A Guide to Object Detection with OpenCV
In the expansive canvas of computer vision, the ability to perceive and recognize objects is a groundbreaking capability. Welcome to the world of object detection with OpenCV, where algorithms breathe life into pixels, enabling machines to ‘see’ and understand the visual world. In this exploration, we delve into the intricate workings of object detection, from basic shapes to the identification and tracking of complex entities. Join us as we demystify the magic behind OpenCV, unveiling the unseen and opening doors to a future where machines comprehend the visual tapestry as we do.
What’s Covered:
- What is Object Detection?
- The SSD MobileNet v2 Convolutional Neural Network
- Nvidia’s Object Detection Program.
- Creating our own Object Detection Program.

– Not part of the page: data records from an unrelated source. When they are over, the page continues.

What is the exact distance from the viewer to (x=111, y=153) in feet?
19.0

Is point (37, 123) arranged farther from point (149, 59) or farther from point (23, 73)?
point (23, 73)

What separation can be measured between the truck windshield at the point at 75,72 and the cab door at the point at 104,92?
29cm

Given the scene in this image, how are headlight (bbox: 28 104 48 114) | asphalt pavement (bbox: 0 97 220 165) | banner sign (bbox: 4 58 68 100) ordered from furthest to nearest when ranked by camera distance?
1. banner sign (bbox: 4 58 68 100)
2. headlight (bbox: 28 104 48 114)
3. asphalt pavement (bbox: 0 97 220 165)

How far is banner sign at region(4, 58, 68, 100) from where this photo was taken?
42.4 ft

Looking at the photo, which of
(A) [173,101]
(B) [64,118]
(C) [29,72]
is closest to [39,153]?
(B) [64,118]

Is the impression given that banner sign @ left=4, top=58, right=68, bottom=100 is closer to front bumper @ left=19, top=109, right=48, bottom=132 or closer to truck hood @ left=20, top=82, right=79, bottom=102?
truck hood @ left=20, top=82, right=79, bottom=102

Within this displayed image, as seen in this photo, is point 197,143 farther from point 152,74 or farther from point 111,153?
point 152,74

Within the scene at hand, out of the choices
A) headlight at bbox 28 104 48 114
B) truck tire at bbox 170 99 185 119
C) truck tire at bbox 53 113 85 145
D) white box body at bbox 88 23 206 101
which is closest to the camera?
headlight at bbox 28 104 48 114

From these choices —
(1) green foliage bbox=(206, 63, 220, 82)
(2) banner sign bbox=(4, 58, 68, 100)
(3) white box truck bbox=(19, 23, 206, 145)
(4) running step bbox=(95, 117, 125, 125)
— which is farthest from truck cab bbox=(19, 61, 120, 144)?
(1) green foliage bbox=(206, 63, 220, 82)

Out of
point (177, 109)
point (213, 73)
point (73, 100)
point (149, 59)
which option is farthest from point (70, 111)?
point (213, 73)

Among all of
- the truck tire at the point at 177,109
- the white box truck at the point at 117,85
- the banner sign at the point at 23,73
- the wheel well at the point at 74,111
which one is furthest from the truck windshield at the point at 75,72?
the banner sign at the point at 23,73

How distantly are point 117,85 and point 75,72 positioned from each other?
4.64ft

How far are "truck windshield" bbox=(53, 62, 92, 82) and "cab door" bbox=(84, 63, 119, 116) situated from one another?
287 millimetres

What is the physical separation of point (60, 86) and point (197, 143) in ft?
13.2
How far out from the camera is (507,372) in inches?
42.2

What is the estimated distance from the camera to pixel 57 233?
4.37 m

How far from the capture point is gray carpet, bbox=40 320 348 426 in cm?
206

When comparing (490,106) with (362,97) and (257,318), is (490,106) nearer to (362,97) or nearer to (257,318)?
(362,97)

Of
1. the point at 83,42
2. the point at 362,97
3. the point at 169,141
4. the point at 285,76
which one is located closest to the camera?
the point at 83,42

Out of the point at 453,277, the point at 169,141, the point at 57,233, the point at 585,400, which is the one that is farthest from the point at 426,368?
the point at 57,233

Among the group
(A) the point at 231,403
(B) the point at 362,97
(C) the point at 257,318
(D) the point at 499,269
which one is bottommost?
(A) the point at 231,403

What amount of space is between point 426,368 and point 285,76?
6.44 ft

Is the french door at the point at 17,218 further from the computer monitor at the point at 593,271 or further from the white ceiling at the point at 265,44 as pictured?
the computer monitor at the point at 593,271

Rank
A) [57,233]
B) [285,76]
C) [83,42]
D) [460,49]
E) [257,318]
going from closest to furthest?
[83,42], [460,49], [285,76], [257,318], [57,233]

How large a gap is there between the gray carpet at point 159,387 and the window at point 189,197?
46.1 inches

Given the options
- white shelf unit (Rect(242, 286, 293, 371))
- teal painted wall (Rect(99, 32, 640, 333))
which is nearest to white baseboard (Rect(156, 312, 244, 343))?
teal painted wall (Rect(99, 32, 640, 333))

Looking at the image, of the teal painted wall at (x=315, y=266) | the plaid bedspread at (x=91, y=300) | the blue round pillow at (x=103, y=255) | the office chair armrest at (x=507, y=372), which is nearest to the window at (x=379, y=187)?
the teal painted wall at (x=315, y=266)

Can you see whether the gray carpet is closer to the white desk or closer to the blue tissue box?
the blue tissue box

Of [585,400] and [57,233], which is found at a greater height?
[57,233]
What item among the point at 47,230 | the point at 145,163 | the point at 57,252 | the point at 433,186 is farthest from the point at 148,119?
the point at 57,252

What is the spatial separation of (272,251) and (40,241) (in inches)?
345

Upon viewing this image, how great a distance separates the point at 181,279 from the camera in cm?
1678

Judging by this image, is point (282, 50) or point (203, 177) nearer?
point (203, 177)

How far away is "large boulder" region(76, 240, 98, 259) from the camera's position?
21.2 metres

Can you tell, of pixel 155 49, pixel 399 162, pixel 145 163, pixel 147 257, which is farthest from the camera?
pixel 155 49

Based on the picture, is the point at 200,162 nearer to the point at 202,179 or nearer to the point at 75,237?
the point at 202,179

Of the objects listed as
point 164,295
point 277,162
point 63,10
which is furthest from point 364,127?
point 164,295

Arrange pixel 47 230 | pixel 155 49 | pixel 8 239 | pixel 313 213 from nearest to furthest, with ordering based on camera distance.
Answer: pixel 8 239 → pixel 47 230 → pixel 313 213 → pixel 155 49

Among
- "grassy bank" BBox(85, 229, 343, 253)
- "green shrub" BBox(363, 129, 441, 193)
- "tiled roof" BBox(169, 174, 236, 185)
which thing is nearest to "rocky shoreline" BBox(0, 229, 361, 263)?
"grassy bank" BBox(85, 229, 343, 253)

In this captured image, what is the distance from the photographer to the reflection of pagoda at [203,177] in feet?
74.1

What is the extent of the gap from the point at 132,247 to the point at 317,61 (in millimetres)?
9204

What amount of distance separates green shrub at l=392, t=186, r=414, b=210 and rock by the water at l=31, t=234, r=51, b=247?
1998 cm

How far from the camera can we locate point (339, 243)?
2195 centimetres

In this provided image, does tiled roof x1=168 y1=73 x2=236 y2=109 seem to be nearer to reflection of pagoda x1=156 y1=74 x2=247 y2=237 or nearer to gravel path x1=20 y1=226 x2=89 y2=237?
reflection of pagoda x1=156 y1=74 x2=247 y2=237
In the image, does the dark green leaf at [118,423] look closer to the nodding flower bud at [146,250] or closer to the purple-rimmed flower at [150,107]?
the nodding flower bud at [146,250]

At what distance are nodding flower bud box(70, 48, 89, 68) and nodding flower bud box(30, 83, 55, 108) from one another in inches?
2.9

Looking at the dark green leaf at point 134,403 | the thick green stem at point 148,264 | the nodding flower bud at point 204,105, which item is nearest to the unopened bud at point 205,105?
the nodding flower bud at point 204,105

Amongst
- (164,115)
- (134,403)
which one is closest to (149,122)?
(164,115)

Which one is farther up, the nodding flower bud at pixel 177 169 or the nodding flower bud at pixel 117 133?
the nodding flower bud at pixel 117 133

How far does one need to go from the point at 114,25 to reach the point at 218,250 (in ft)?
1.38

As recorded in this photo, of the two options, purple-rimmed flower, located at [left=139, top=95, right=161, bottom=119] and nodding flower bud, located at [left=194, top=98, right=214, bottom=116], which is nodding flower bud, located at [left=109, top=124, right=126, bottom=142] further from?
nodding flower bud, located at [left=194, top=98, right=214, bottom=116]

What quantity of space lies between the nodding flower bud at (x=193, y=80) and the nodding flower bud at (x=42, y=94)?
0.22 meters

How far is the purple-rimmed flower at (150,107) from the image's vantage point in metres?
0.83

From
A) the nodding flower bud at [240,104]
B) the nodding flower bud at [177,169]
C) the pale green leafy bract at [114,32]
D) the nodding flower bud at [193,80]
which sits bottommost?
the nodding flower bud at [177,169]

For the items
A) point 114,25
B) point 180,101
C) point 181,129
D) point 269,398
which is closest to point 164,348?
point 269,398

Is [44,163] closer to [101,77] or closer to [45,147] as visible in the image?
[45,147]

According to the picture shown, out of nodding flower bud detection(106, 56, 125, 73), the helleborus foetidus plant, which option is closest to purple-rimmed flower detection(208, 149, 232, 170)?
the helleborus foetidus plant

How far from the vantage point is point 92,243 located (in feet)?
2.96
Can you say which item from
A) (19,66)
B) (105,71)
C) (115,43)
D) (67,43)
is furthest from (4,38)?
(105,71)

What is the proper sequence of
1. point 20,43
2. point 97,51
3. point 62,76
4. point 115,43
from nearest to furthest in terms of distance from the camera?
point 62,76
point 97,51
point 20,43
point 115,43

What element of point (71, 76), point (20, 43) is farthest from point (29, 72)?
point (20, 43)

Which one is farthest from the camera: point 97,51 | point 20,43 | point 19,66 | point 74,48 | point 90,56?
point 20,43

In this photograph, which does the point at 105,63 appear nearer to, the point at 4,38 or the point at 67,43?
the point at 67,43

- Object Detection on Images.
What is Object Detection?
Object Detection uses computer vision and image processing to identify objects of a specific class. Classes such as humans, vehicles, and animals are regularly monitored using object detection software. Object detection can be used for many tasks such as, vehicle counting, people counting, face detection, image annotation, image retrieval, animal monitoring, monitoring consumer activities and habits, even tracking an objects movement like a ball or a bat in a sports match. Object detection is commonly used everywhere. The consumer giant Amazon uses a robotic arm called “Sparrow” which is programmed using computer vision technology to recognize and handle millions of different products efficiently without human intervention.

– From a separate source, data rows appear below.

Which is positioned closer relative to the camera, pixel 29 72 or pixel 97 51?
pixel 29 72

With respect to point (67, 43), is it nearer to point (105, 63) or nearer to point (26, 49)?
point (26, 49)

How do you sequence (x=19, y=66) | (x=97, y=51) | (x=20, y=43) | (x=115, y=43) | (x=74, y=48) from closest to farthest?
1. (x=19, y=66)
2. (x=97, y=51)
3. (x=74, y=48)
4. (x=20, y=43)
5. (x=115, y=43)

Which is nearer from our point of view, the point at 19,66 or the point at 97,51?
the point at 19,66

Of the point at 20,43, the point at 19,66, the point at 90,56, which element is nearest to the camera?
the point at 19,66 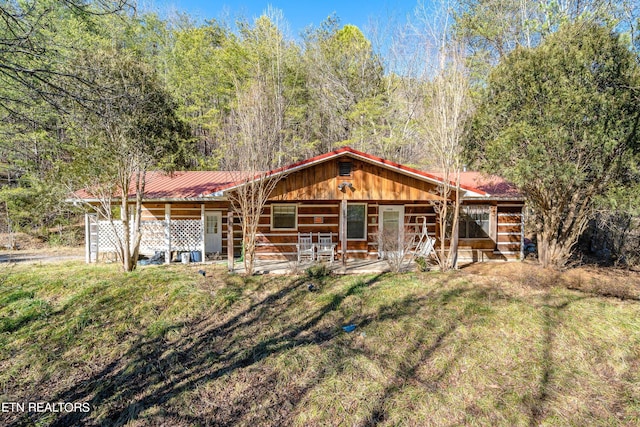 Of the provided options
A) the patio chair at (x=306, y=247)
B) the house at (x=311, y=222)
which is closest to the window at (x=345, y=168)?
the house at (x=311, y=222)

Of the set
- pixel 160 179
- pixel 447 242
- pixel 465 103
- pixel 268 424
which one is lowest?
pixel 268 424

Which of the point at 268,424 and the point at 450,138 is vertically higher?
the point at 450,138

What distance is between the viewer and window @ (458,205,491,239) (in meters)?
11.6

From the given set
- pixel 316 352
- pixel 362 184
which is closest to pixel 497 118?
pixel 362 184

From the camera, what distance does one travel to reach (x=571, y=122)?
773 cm

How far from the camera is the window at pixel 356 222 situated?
37.9ft

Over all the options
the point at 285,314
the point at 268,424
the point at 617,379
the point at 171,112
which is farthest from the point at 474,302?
the point at 171,112

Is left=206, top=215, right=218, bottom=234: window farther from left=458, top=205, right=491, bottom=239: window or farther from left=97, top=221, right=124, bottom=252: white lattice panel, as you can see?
left=458, top=205, right=491, bottom=239: window

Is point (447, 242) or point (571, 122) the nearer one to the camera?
point (571, 122)

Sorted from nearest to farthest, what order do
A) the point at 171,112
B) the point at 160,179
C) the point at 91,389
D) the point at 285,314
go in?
1. the point at 91,389
2. the point at 285,314
3. the point at 171,112
4. the point at 160,179

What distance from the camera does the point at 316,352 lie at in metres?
5.14

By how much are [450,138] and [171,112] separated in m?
8.05

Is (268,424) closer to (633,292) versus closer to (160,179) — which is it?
(633,292)

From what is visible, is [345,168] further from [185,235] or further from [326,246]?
[185,235] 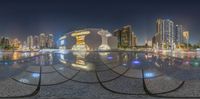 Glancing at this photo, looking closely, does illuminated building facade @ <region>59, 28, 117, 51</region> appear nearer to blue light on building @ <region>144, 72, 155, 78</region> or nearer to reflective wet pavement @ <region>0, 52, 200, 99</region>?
reflective wet pavement @ <region>0, 52, 200, 99</region>

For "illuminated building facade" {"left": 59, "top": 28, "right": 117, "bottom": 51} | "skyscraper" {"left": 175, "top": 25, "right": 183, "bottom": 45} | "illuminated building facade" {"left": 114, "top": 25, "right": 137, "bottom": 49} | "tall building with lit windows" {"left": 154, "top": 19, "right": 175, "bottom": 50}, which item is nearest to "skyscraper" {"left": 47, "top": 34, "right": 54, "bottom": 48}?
Result: "illuminated building facade" {"left": 59, "top": 28, "right": 117, "bottom": 51}

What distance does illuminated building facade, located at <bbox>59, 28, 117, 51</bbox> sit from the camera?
5.18 m

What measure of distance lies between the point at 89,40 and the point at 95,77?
0.80 m

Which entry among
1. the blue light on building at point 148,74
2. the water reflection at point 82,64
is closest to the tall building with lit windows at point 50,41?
the water reflection at point 82,64

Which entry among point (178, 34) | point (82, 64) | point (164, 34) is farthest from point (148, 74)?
point (178, 34)

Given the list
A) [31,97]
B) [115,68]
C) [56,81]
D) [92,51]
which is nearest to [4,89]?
[31,97]

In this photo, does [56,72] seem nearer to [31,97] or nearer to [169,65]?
[31,97]

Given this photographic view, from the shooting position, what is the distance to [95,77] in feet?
17.6

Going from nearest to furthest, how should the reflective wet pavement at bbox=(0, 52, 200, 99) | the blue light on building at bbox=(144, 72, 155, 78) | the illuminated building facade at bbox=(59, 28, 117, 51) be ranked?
the reflective wet pavement at bbox=(0, 52, 200, 99)
the illuminated building facade at bbox=(59, 28, 117, 51)
the blue light on building at bbox=(144, 72, 155, 78)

The SSD MobileNet v2 Convolutional Neural Network
I will be using the SSD MobileNet v2 neural network, which is a combination of two detection models, SSD and MobileNet. SSD (single shot detector) is a family of algorithms used to create classification and bounding boxes for detected objects. MobileNet v2 is a CNN (convolutional neural network) architecture that does classification, object detection and semantic segmentation. MobileNet v2 is designed to work well on low end devices such as mobile devices, raspberry pi’s and in my case the Jetson Nano.
Together, the MobileNet base works as a feature extractor for the SSD layer which will then classify the detected objects.

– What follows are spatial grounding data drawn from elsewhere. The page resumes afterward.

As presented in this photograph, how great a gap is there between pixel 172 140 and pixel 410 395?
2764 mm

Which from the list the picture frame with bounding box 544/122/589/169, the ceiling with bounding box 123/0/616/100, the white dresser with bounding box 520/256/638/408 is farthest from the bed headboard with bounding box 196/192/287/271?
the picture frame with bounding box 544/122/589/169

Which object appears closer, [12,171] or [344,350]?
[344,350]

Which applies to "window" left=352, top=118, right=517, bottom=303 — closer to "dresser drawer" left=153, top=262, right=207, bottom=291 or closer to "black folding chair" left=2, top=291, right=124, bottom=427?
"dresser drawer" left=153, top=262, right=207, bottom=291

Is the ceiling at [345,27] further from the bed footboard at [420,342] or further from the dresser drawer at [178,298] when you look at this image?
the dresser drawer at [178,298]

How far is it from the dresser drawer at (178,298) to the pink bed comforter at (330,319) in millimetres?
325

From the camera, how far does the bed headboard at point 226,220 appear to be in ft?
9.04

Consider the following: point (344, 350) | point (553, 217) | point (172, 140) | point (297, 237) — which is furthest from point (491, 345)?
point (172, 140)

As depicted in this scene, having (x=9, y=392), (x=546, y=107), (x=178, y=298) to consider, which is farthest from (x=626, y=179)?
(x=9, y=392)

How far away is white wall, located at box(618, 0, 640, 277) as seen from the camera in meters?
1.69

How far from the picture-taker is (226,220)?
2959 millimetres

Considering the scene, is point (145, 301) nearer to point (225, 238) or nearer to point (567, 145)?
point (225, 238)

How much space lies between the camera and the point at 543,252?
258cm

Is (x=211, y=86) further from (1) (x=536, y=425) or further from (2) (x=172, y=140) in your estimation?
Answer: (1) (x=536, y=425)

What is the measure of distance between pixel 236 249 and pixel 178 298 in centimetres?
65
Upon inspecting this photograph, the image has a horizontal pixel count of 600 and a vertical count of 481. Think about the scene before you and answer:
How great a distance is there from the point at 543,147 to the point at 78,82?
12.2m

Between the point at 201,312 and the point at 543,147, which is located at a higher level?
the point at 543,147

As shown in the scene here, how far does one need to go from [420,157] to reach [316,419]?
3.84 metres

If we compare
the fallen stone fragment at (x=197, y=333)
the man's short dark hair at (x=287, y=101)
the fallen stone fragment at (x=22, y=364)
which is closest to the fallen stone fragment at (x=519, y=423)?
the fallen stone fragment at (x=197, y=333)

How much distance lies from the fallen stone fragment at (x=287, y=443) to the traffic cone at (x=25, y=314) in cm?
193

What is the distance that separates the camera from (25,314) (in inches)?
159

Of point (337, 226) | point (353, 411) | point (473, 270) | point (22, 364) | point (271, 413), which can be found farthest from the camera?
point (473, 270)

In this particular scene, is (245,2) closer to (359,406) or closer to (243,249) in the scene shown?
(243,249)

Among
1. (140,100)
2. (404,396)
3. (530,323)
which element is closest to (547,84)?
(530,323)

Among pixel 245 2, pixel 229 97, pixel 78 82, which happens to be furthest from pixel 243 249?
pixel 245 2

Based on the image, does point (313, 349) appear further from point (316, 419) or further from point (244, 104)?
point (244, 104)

NVidia’s Object Detection Program
Below is NVidia’s Object Detection program. It’s very effective and has only 10 lines of code. But as this is a post about OpenCV, my aim is to replicate what Dusty from NVidia has done but using OpenCV instead. To run Dusty’s code, you will need to install the Jetson Inference library for Python.
Python Code:
import jetson.inference import jetson.utils
net = jetson.inference.detectNet("ssd-mobilenet-v2", threshold=0.5) camera = jetson.utils.videoSource('/dev/video0') display = jetson.utils.videoOutput() while True: img=camera.Capture() detections = net.Detect(img) print(detections) display.Render(img) display.SetStatus("Object Detection | Network {:.0f} FPS".format(net.GetNetworkFPS()))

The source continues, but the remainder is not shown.